[Data items]
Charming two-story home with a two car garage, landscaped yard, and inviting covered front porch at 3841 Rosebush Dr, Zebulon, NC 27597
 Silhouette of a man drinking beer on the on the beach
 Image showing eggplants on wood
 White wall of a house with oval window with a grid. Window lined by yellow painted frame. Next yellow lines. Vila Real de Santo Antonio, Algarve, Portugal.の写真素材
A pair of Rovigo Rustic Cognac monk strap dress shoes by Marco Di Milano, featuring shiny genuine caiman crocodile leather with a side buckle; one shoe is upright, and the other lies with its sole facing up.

- [Exercise directions]: When transcribing the data, keep every line exactly as it is.

- [Answer to this task]:
Charming two-story home with a two car garage, landscaped yard, and inviting covered front porch at 3841 Rosebush Dr, Zebulon, NC 27597
 Silhouette of a man drinking beer on the on the beach
 Image showing eggplants on wood
 White wall of a house with oval window with a grid. Window lined by yellow painted frame. Next yellow lines. Vila Real de Santo Antonio, Algarve, Portugal.の写真素材
A pair of Rovigo Rustic Cognac monk strap dress shoes by Marco Di Milano, featuring shiny genuine caiman crocodile leather with a side buckle; one shoe is upright, and the other lies with its sole facing up.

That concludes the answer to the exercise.